Before this, however, the crew boat for industrial maritime projects with space for up to 122 people first had to be taken out of the hangar where it had been built. Two 12-axle self-propelled modular transporters were in charge of this task and brought the 410-tonne ship directly to the quay wall, where the two Demag® CC 2800-1 lattice boom crawler cranes were already waiting. The cranes had been previously transported to the shipyard premises with around 55 trucks and had then been set up.
“With their lifting capacity, the two Demag CC 2800-1 cranes were perfect for this lift,” says Hareket Crane Manager İbrahim Menzil while explaining why his company decided on these specific Demag units for the lift. The two cranes were set up with a Superlift configuration. Crane 1 with a 48-meter main boom and 150 tonnes of Superlift counterweight; crane 2 with a 48-meter main boom as well, but with 250 tonnes of Superlift counterweight.

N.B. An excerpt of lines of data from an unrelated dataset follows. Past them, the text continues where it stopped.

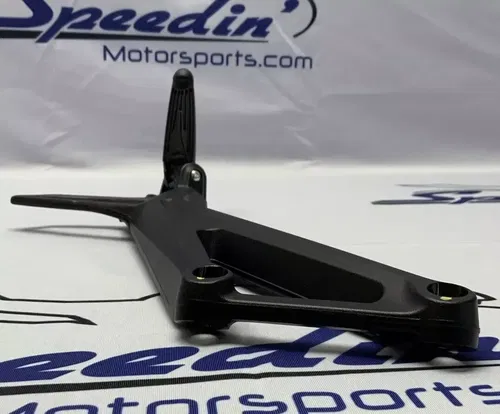 MV Agusta Left Passenger Foot Rest Assembly F3R/RR 2023 OEM 80A0D0619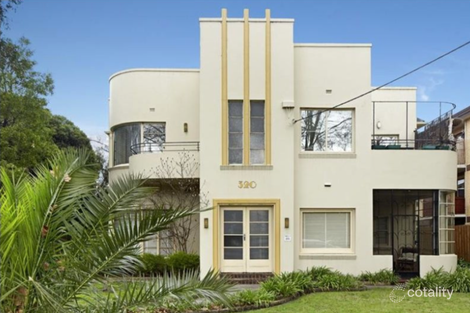 3/320 Dandenong Rd, St Kilda East, VIC 3183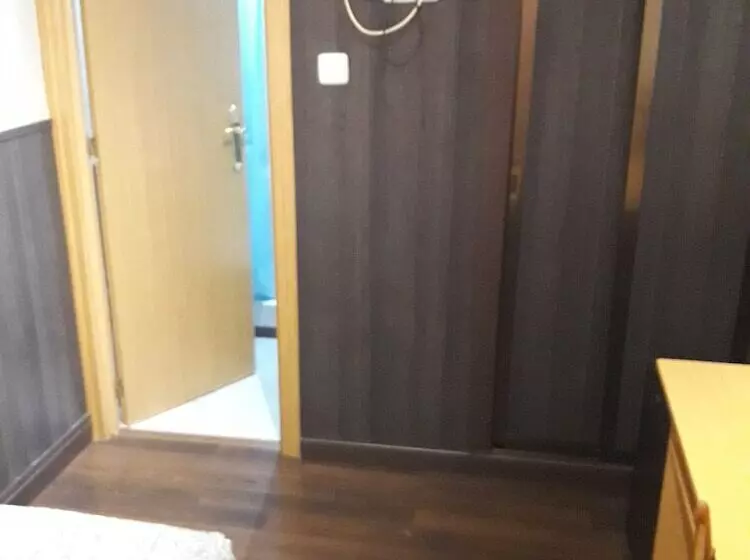 پانسیون New Go Inn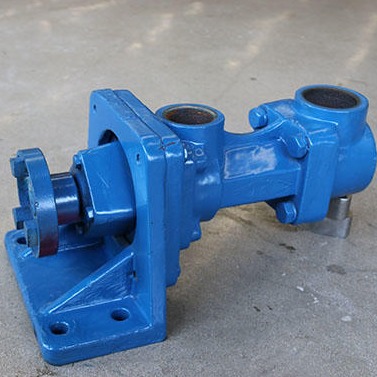 三螺杆泵 燃油泵 3G36X4 -恒盛泵业供应 实力三螺杆泵厂家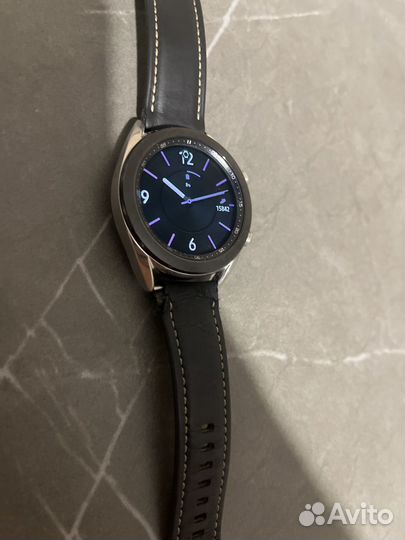 Samsung galaxy watch 3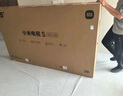 小米（MI）電視S75 Mini LED 【銷(xiāo)量10萬(wàn)+】75英寸 240Hz高刷 512分區 1200nits峰值亮度 L75MA-SPL 曬單實(shí)拍圖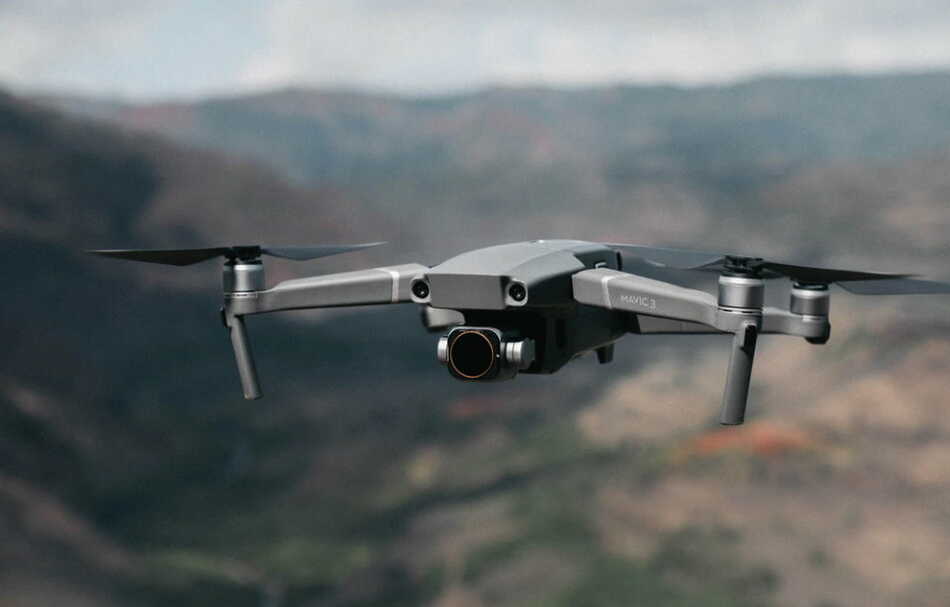 Érkezik a DJI Mavic 3 és az Inspire 3? Mutatjuk az előjelzéseket! 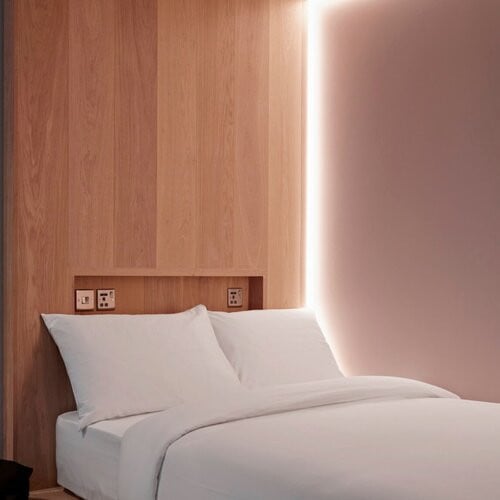 Zedwell Hotel Piccadilly - Gallery - 11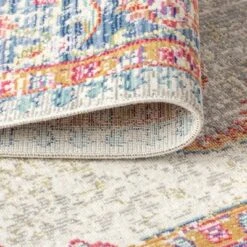 Kilia Medallion Area Rug - JONATHAN Y -Furniture store GUEST 2807e74f 7036 4186 891b 9e6011ce0d98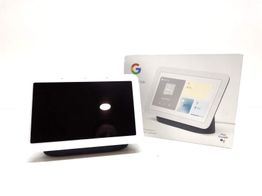 asistente inteligente google nest hub (2 generacion)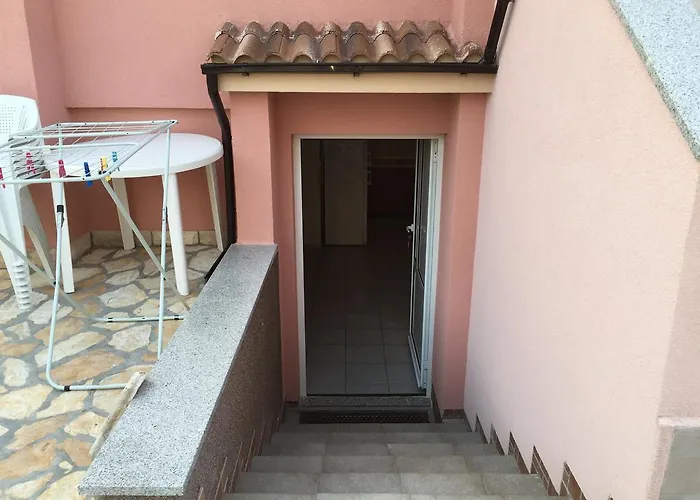 Snajder شقة باغ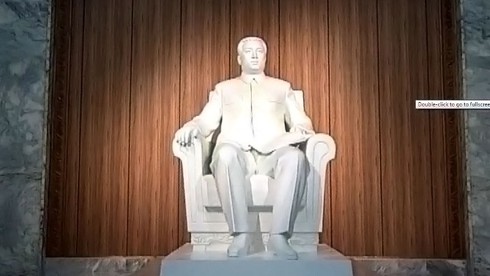 Các nhà lãnh đạo Triều Tiên được tặng quà gì? - ảnh 2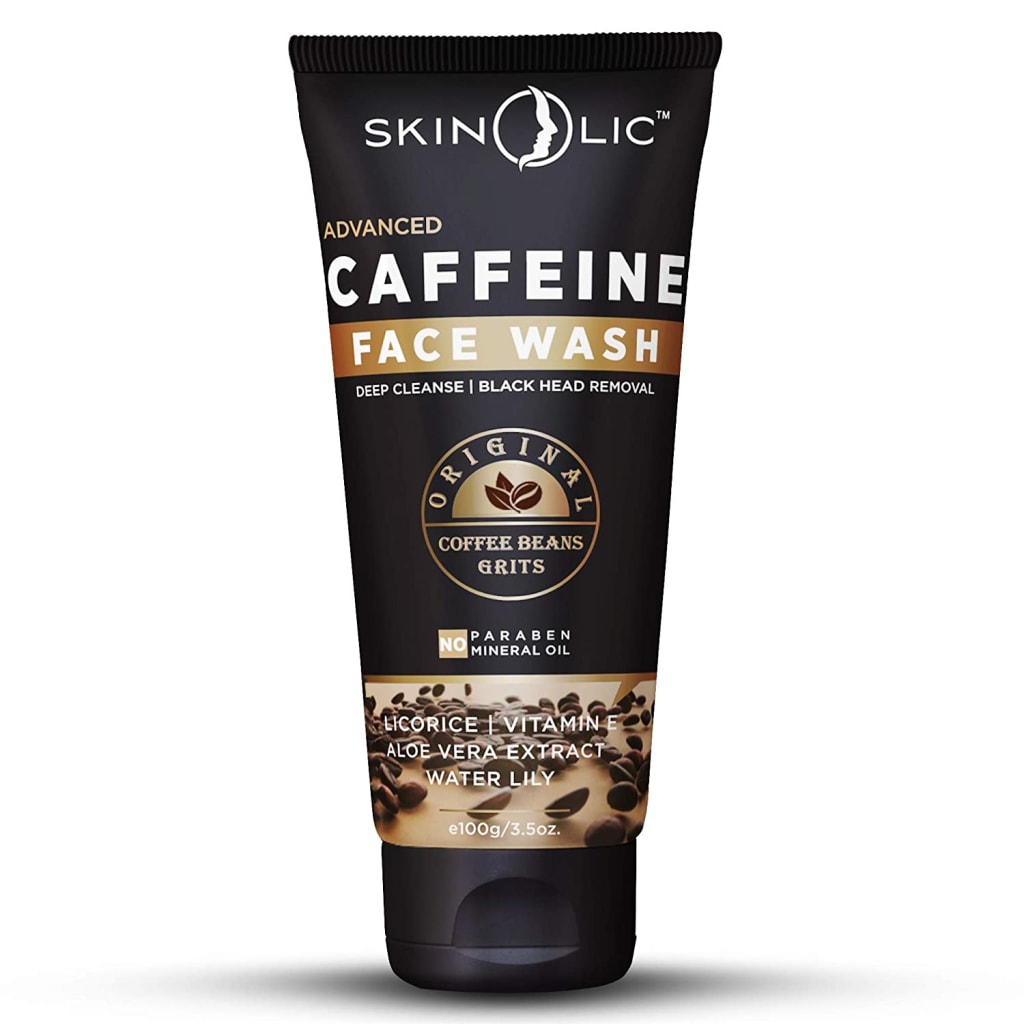 Best Fairness Face Wash For Dry Skin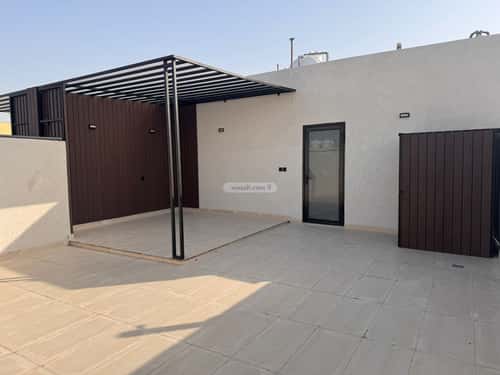Villa 200 SQM Facing East on 15m Width Street Teebh, Aldammam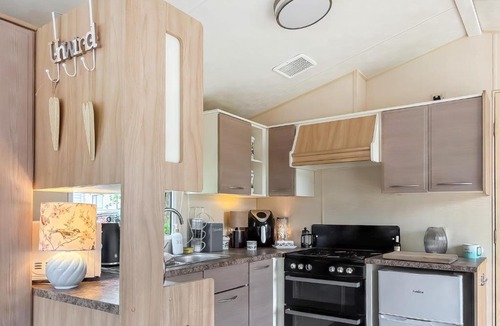 Tosside Apartment | Swaledale 5
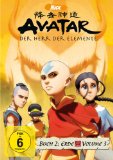 DVD - Avatar - Der Herr der Elemente Buch 2 - Vol. 4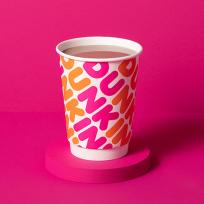 [던킨] 던킨 핫초코(S)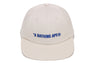 LOGO PANEL CAP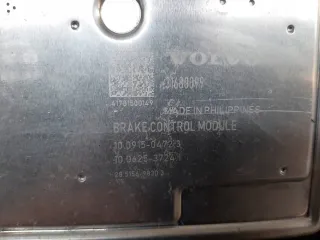 31680102 Блок ABS Volvo XC90 2 Арт e12373405, вид 2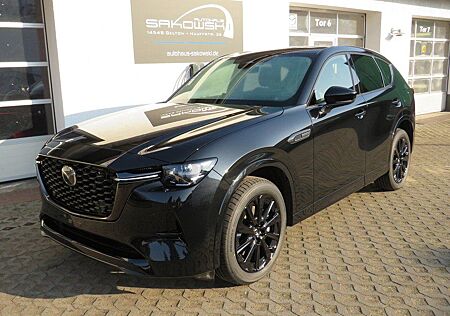 Mazda CX-60 AUT.AWD HOMURA PLUS NAVI BOSE MATRIX LED P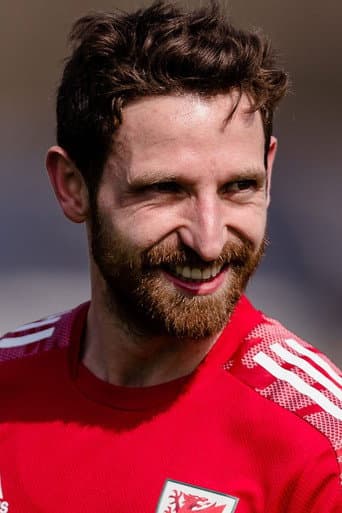 Joe Allen: Y Chwiban Olaf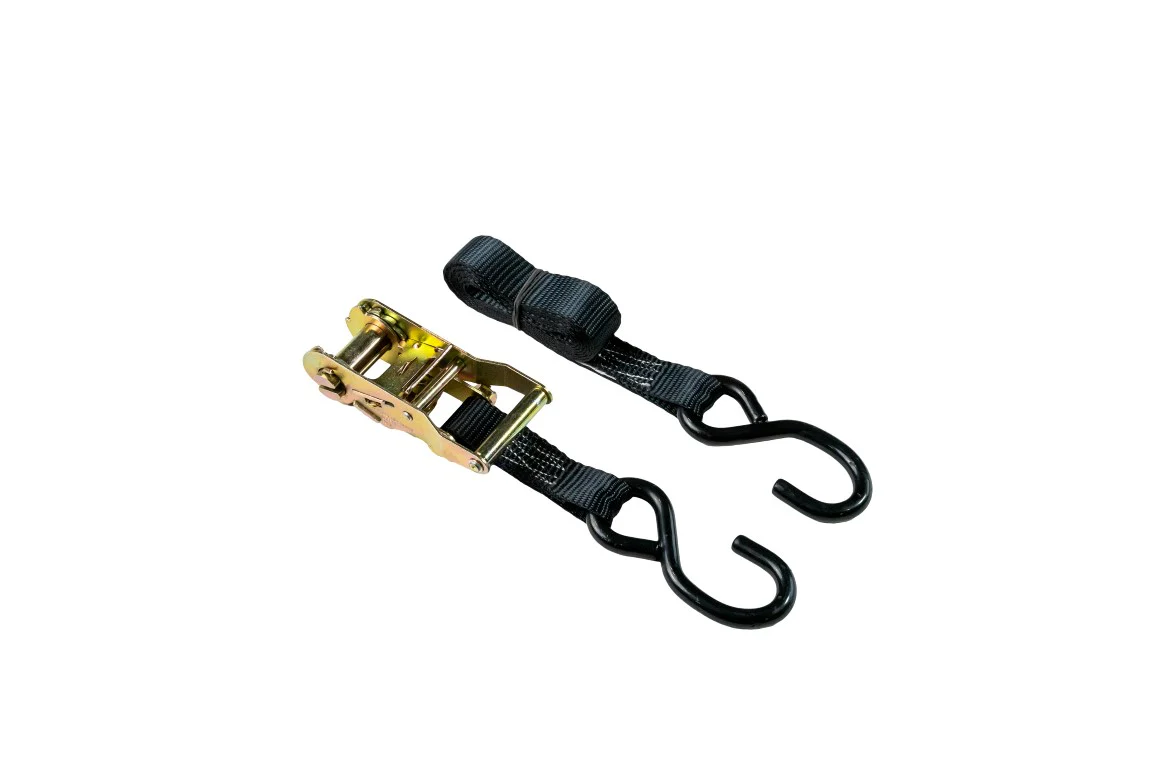 BulletProof Medium Duty 1" Ratchet Strap - Image 5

With these configurations, the two crawler cranes were perfectly prepared to lift the Aqua Helix’s sensitive aluminum hull in tandem to a height of 8 meters and a hook height of 30 meters, after which they traveled forward 20 meters under load before gently letting the ship down into the water.
“The lift with the two Demag CC 2800-1 cranes went perfectly smoothly just as expected, so we were able to finish the job on time and as agreed,” Crane Manager İbrahim Menzil happily summarizes. The Aqua Helix then took off towards the Netherlands, where it will be getting its gangway, after which it will need to prove its seaworthiness during a series of tests in the North Sea.